__Task statement__
For this exercise, output exactly and only the lines running from the one with "Strażacy wyciągali z rowu w przy krajowej" through the final line of the data below, without pictures.

__Data provided__
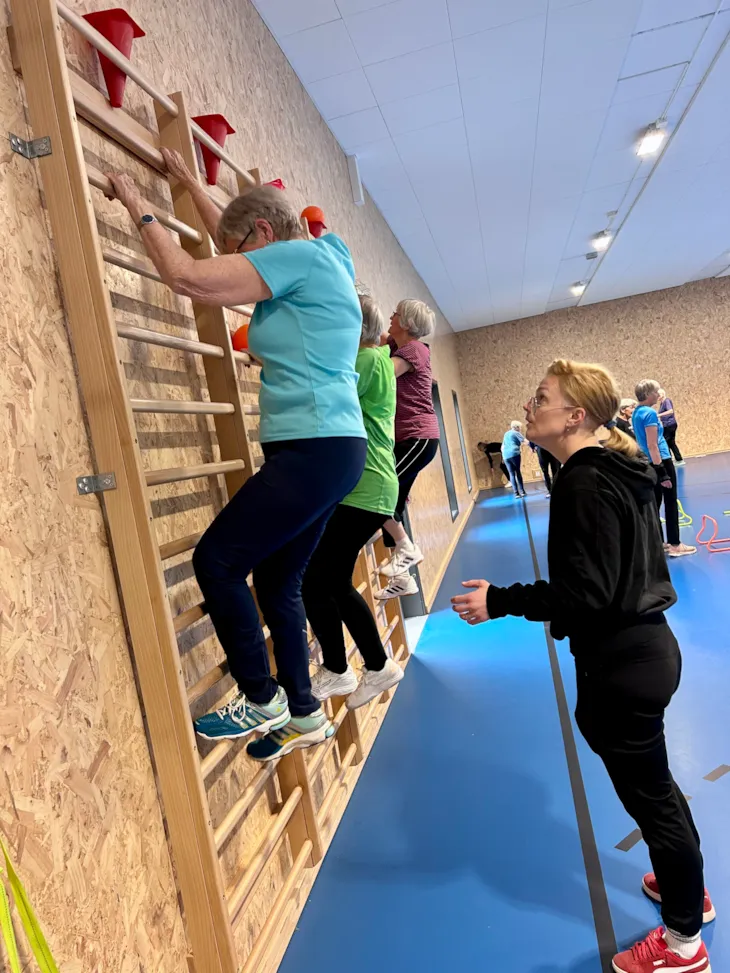 klatring i ribbevegg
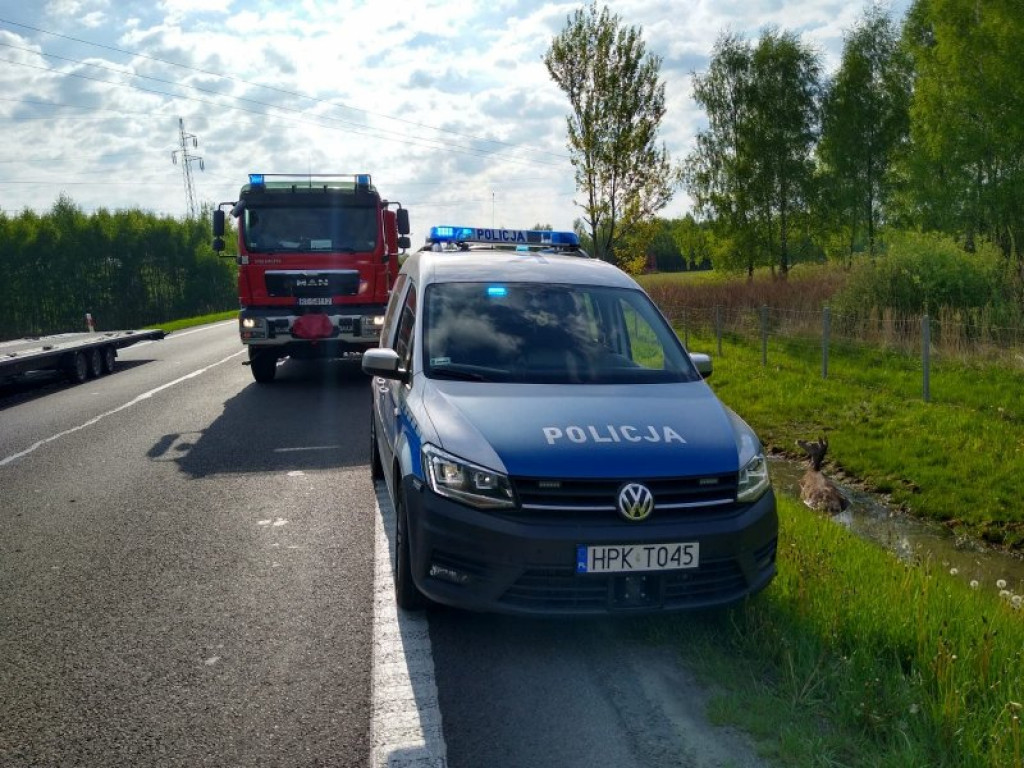 Strażacy wyciągali z rowu w przy krajowej 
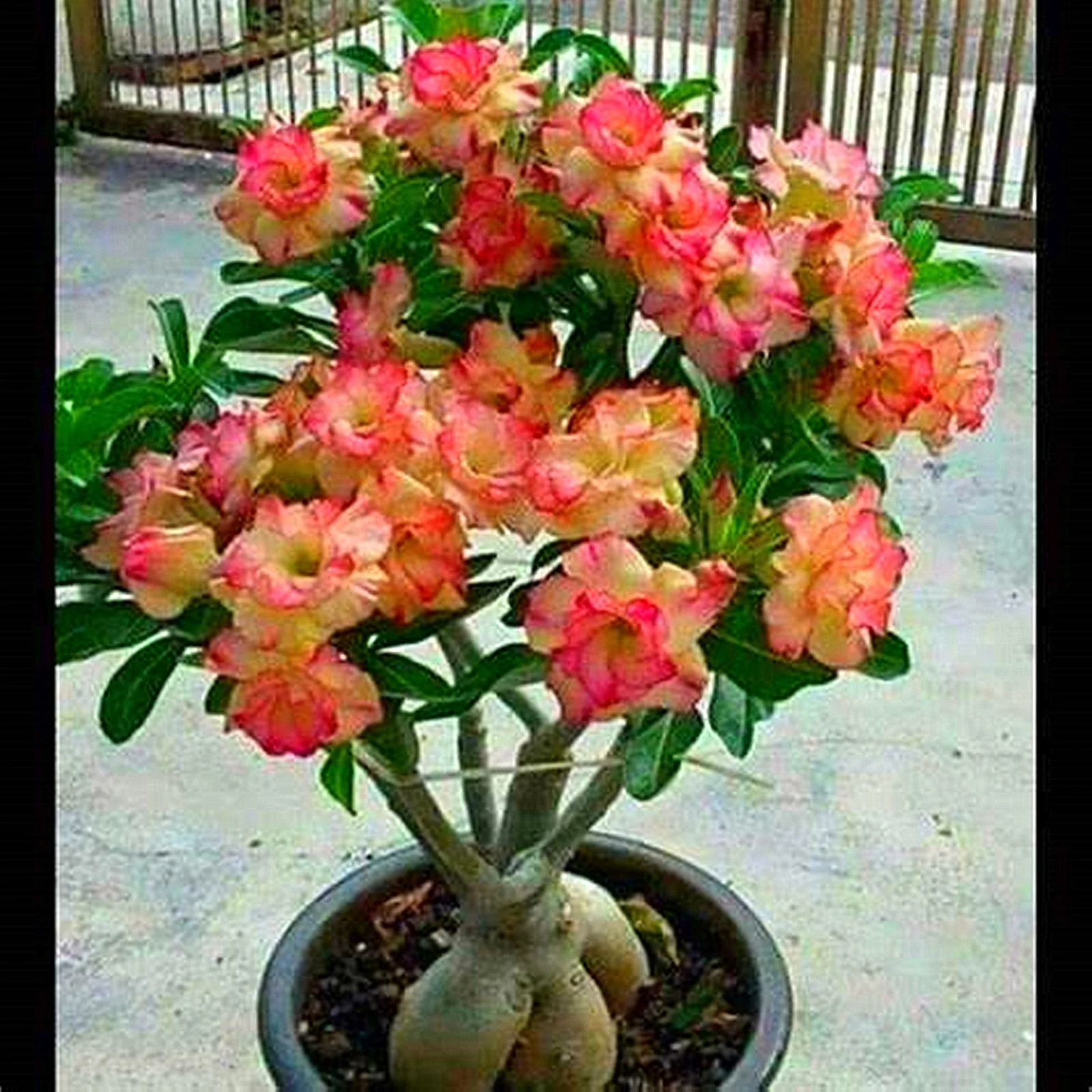 Desert Rose Bulbs, Beautiful Trees, Potted Balcony,Blooming,Potted Plant Outdoor,Blooming Continuously, Drought Tolerant,Desert Rose Bulbs For Sale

__Answer section__
 Strażacy wyciągali z rowu w przy krajowej 
 Desert Rose Bulbs, Beautiful Trees, Potted Balcony,Blooming,Potted Plant Outdoor,Blooming Continuously, Drought Tolerant,Desert Rose Bulbs For Sale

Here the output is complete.